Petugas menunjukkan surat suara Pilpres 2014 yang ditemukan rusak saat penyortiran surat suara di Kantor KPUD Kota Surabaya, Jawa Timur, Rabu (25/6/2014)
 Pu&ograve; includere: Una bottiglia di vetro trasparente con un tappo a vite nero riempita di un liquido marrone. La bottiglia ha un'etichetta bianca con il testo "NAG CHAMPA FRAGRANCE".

--------------------

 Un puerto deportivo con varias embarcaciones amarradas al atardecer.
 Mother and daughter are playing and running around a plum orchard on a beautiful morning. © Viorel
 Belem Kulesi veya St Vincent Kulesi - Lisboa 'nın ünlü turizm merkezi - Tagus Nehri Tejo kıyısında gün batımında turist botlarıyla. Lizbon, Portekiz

--------------------

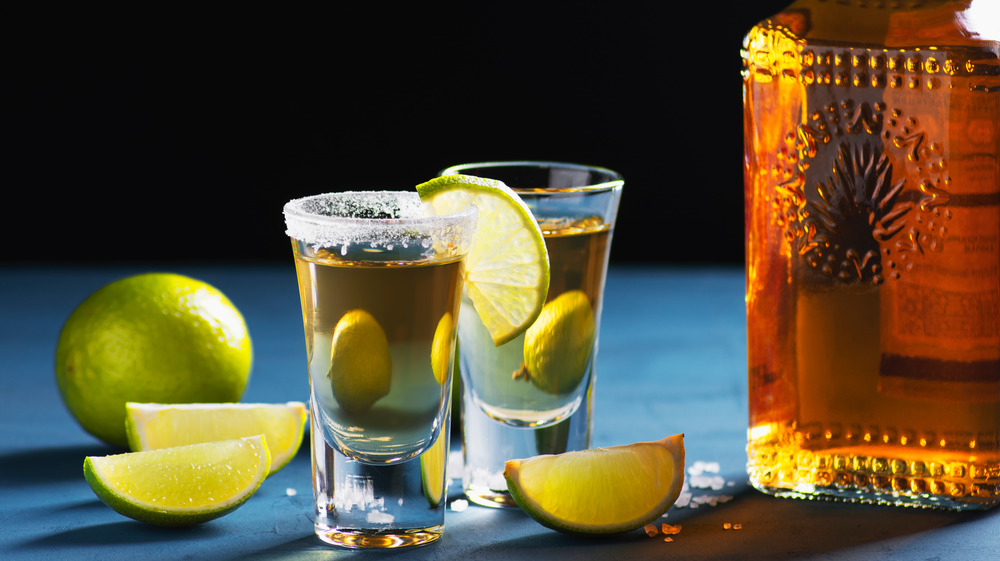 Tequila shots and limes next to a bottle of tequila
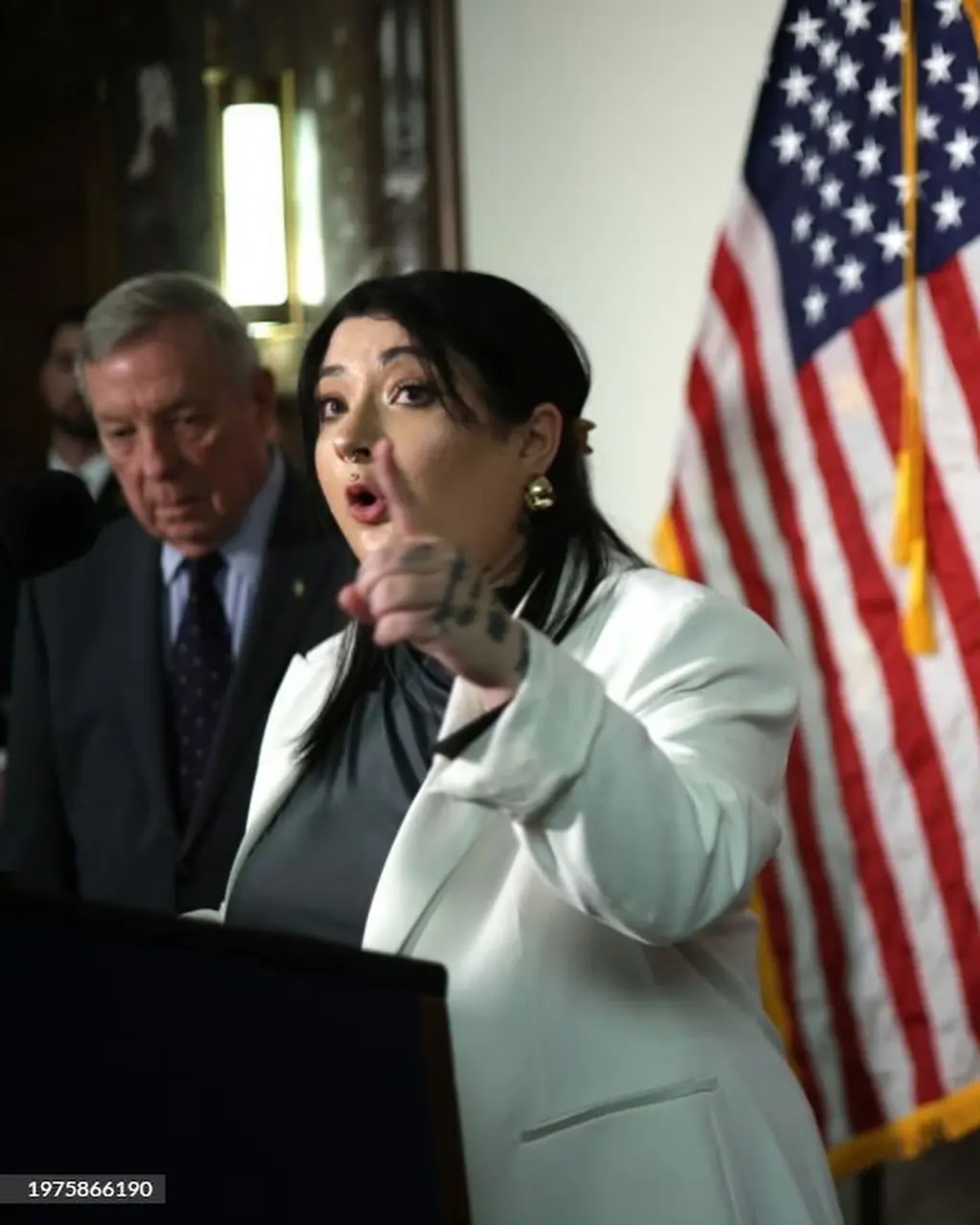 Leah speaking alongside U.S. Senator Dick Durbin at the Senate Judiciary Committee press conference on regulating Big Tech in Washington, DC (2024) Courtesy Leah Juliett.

--------------------

Aim of the task
All that should be printed is the run of lines above from the one with "Tequila shots and" through the one with "Leah speaking alongside", both included, exactly as given, with pictures left out.

Task output
 Tequila shots and limes next to a bottle of tequila
 Leah speaking alongside U.S. Senator Dick Durbin at the Senate Judiciary Committee press conference on regulating Big Tech in Washington, DC (2024) Courtesy Leah Juliett.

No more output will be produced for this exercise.